LNG

Steelhead LNG Submits Kwispaa Facility Overview to Canadian Regulators

Canadian agencies will begin establishing the scope of environmental assessment of the project, which is scheduled to start up in 2024.

Map showing location of proposed Kwispaa LNG facility
The proposed Kwispaa LNG facility would be constructed off Barkley Sound in British Columbia, on land owned by the Huu-ay-ahy First Nations tribe.
Kwispaa LNG

Steelhead LNG has submitted a project description for its proposed Kwispaa LNG facility in western Canada to the British Columbia Environmental Assessment Office (EAO) and the Canadian Environmental Assessment Agency (CEAA). The filings mark the next phase in development for the project, a partnership between Steelhead and Huu-ay-aht First Nations.

Kwispaa LNG is a proposed export facility located at Sarita Bay on Vancouver Island, on land owned by the Huu-ay-aht First Nations. Front-end engineering and design work is expected to begin in early 2019. A final investment decision (FID) on the project is expected in 2020, and the first phase of production is expected to begin by the end of 2024. Steelhead said it will have a 12-mtpa [metric tonnes per annum] capacity upon startup, with the ability to expand to 24 mtpa in the future.

Steelhead and Huu-ay-aht will co-manage the facility. Companies have been invited to bid for engineering and construction contracts for the project’s topsides, marine facilities, pre-treatment, and onshore plant facilities.

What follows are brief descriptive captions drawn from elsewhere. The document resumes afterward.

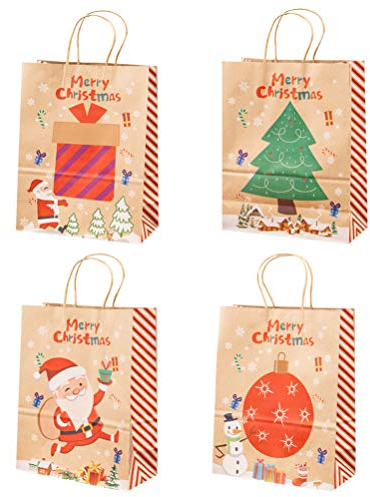 BESPORTBLE 4Pcs Weihnachten Kraft Papiertüten Frohe Weihnachten Santa Candy Taschen Weihnachtspapier Geschenktüten mit Griff für Urlaub Weihnachten Party Gefälligkeiten (Farbe 2)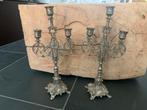 Antieke Verzilverde Kandelaars Set, Antiek en Kunst, Ophalen of Verzenden, Zilver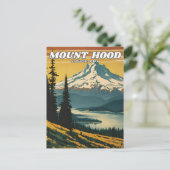 Mount Hood National Park Illustration Retro Decora Postkarte (Stehend Vorderseite)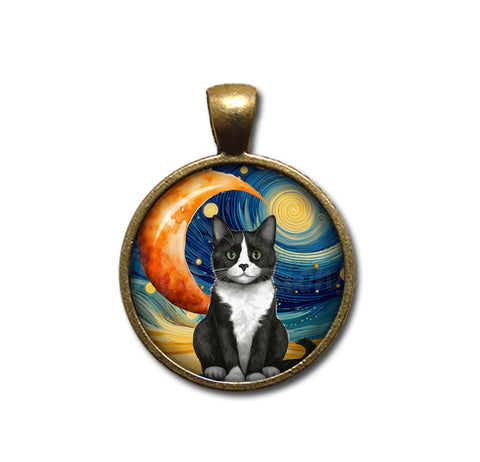 Tuxedo Cat Starry Night Style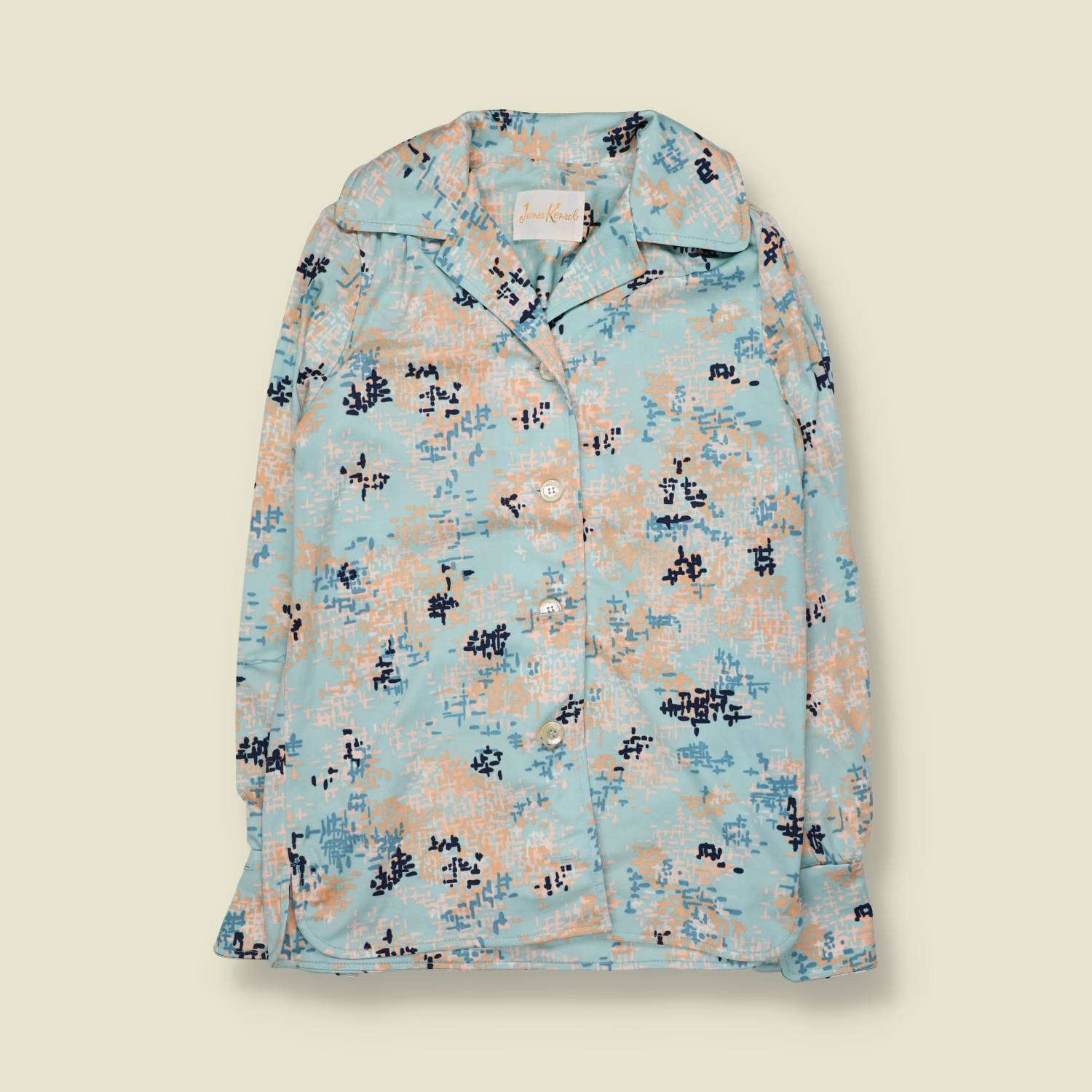 1970s | Jane Kernob | Printed Blouse | Blue - 10
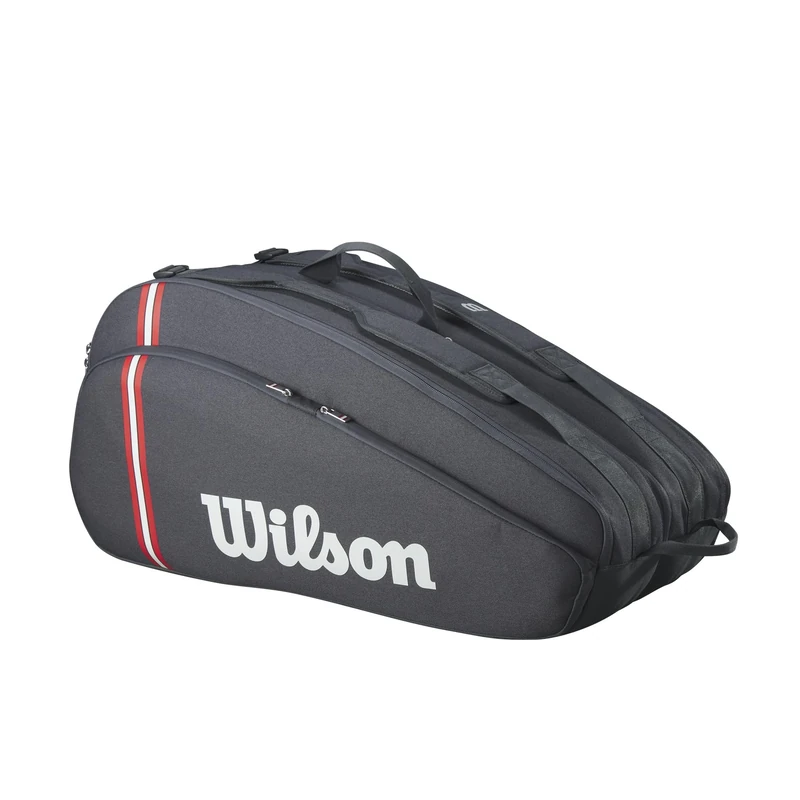 Wilson Tour 12 Tennis Bag, Versatile Bag with a Dedicated Racket Space, Shoe Section and Spacious Accessory Pocket, Dual Carrying Options, Colour: Black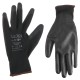 Arbeidshansker i polyester halvdyppet i polyuretan GLOVE PE-PU 9, svarte, størrelse 9"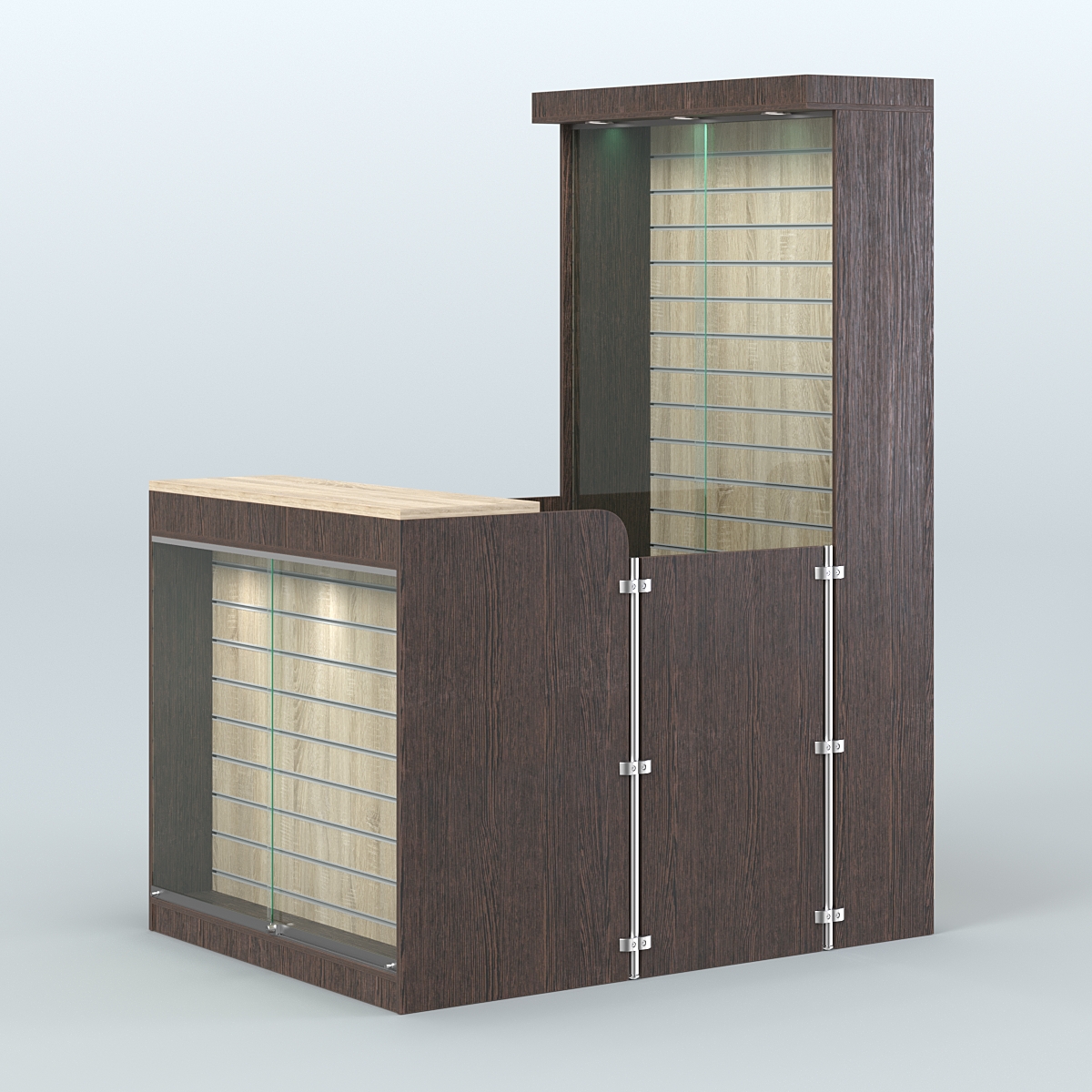 Мини павильон для торговли оборудованный эко-панелями СЛОТ №12 (2 кв.м) Дуб Венге и Дуб Сонома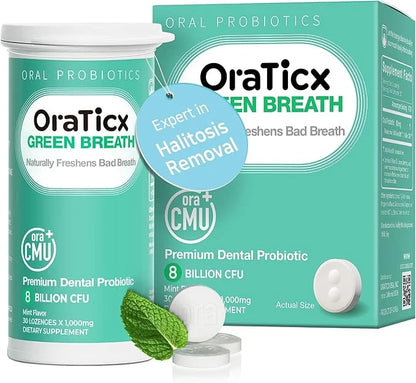Oral Probiotics Green Breath, Freshen Bad Breath, Dental Probiotic Supplement for Oral Health, 8 Billion CFU, Mint Flavor ...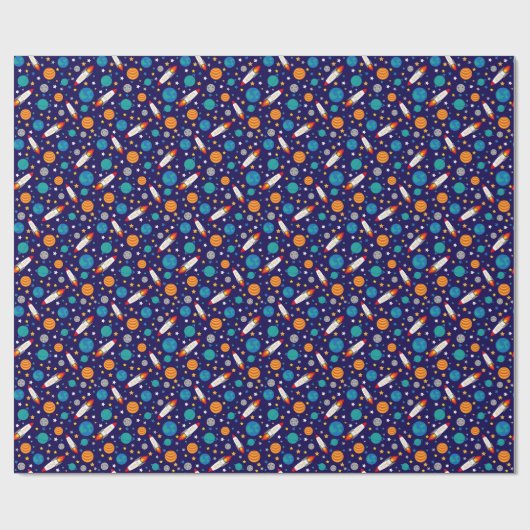 Farbenfrohe Raumerlebnismuster - Raketen, P Geschenkpapier (Flach)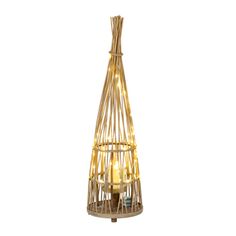 Medium Conical Wicker Lantern With Glass Holder & LED Lights alternative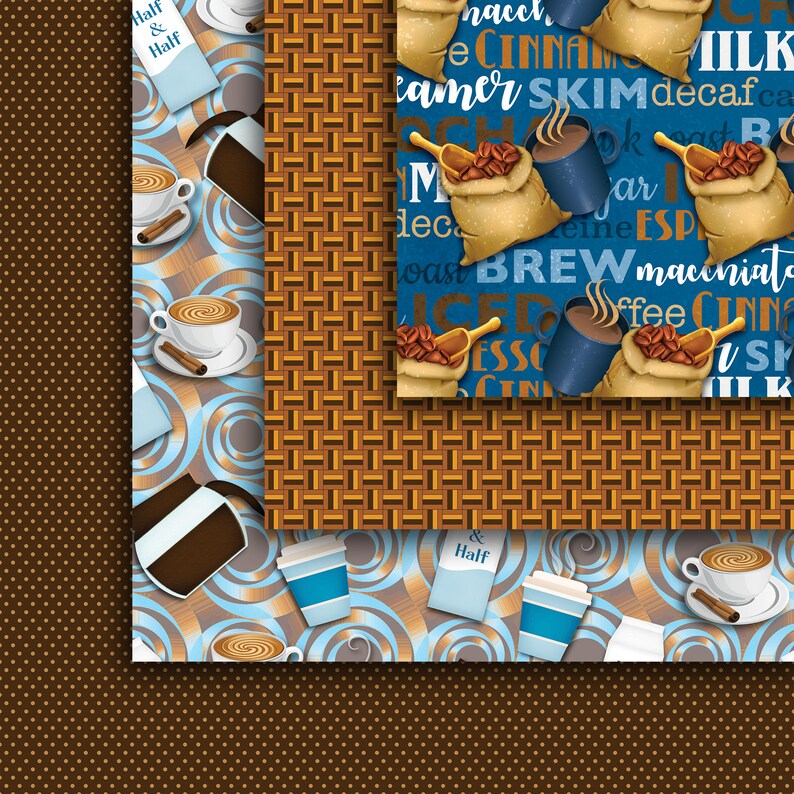 Coffee Seamless Digital Paper Pack, Iced Coffee Digital Paper Pack ...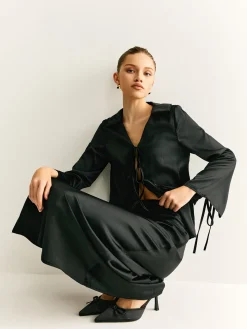 Lace Up Satin Midi Skirt Set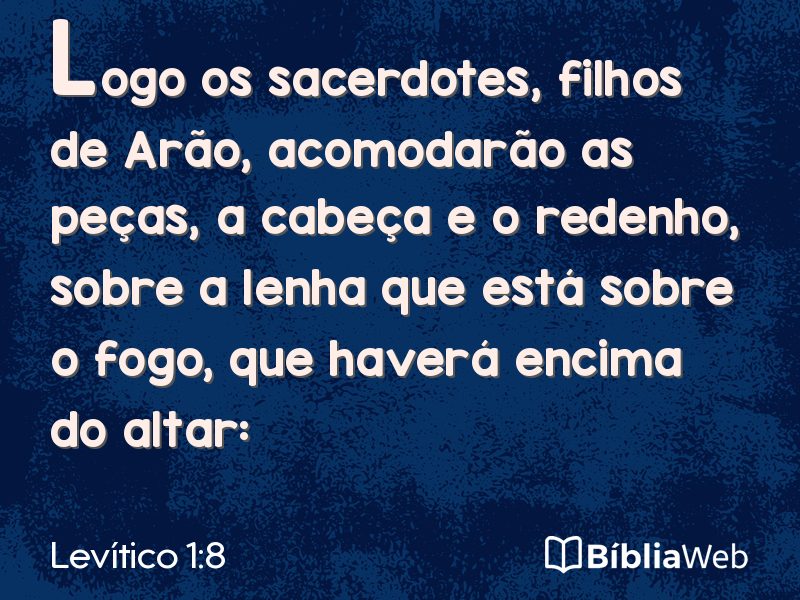 Levítico 1:8 em imagem para compartilhar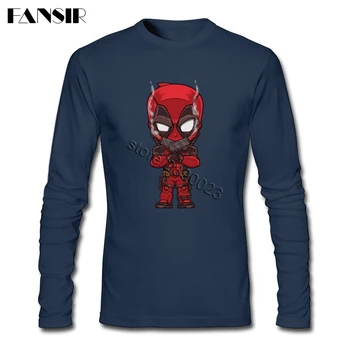 Boş T Shirt Erkek Erkek Deadpool Anime Uzun Kollu O-boyun Pamuk Erkek XXXL Gömlek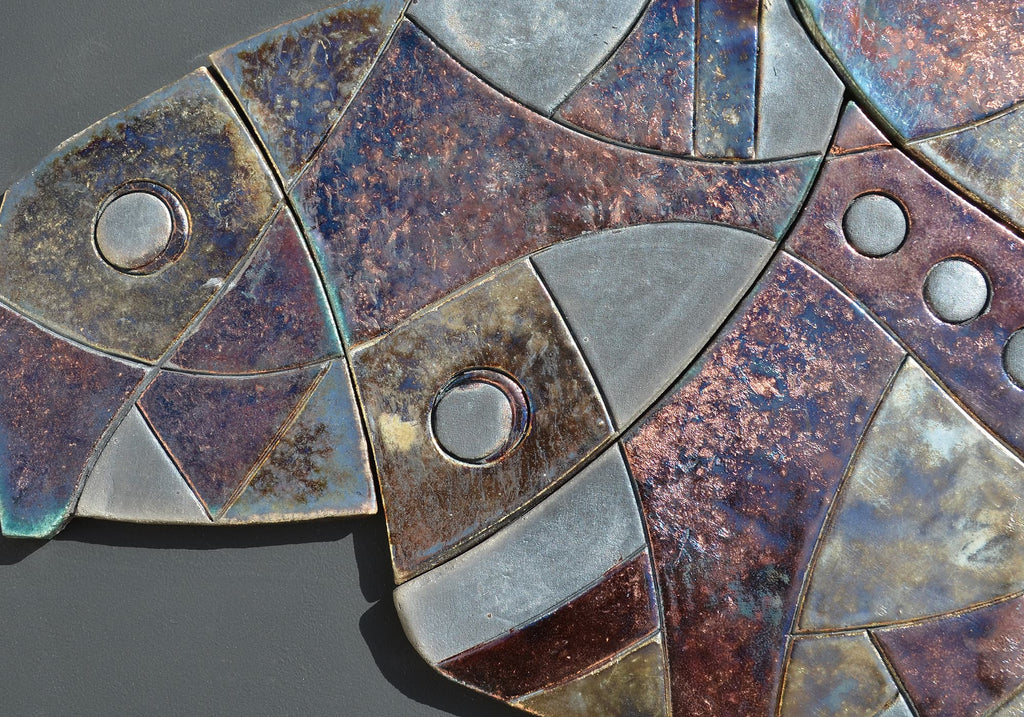 mural cerámica metamorfosis detalle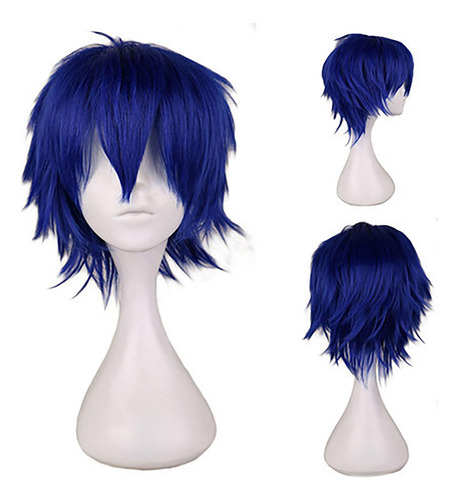 Peluca Corta De Cosplay Peluca Completa De Moda En Azul Azul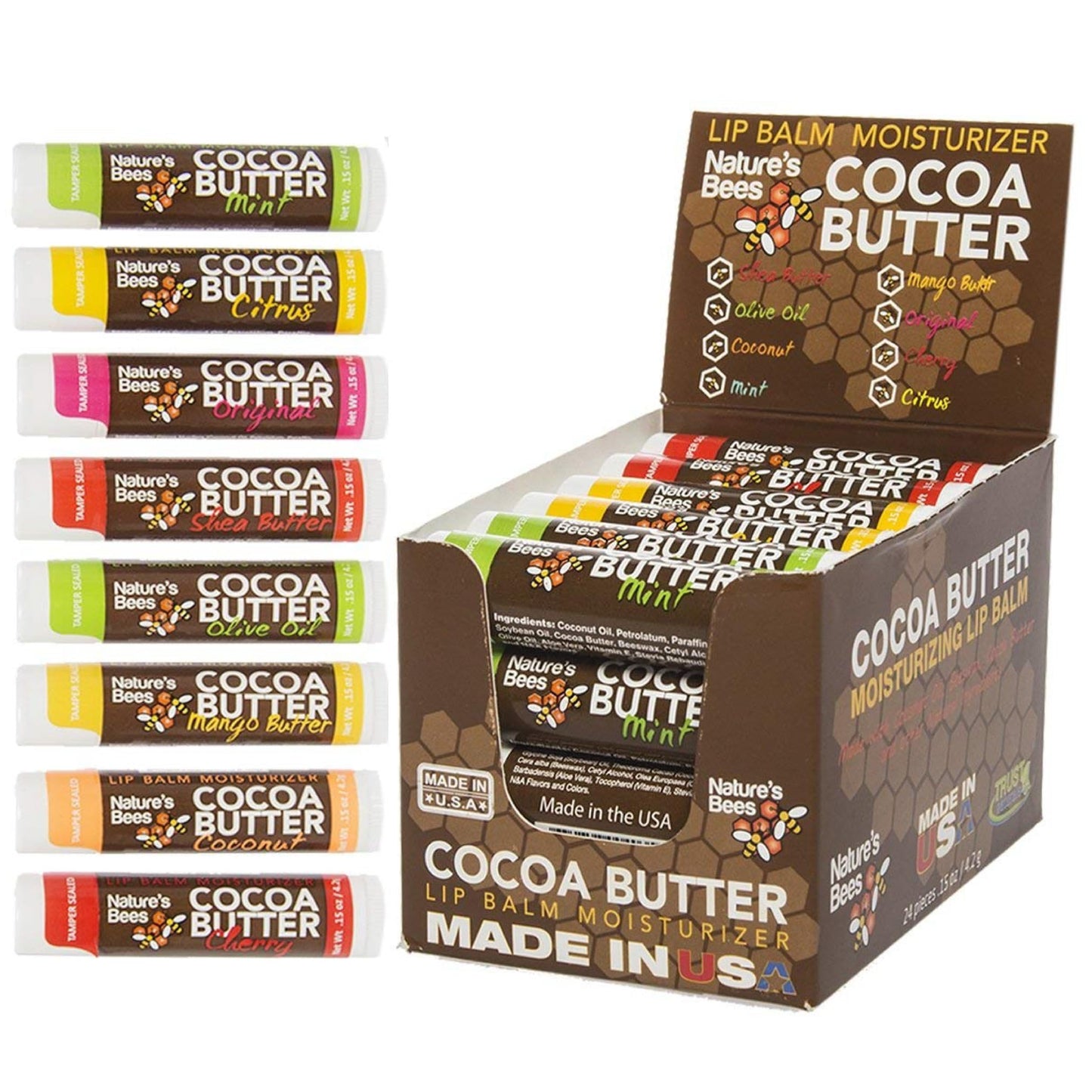 Nature's Bees - Cocoa Butter Lip Balm Moisturizer - Variety 24 Pack, 8 Flavors - Original, Olive Oil, Mango Butter, Shea Butter,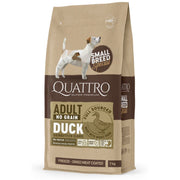 Пълноценна суха храна за кучета от малки породи Quatro Adult Small breed Superpremium с Патешко, БЕЗ зърнени култури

Last month, Steelhead and Huu-ay-aht signed a contract with Hyundai Heavy Industries for the engineering and design of two at-shore terminal hulls, each of which would cost approximately $500 million and contain five tanks that could store 280,000 m3 of LNG.

“From the beginning, we have believed in developing LNG projects in Canada that emphasize relationships with First Nations and respect their role as stewards of the environment,” Steelhead LNG CEO Nigel Kuzemko said in a statement.

The filings come on the heels of Shell’s FID for Canada’s first LNG plant, which is also scheduled to begin production in the mid-2020s. They will allow the British Columbia EAO and the CEAA to work with Kwispaa LNG to envelope the scope of the environmental assessment of the project. Steelhead said that “extensive First Nations and community engagement” has already identified areas of particular interest, such as marine shipping, that will be a focus of the environmental studies.

The project includes 620 miles of pipelines to transport natural gas from northeast British Columbia and Alberta.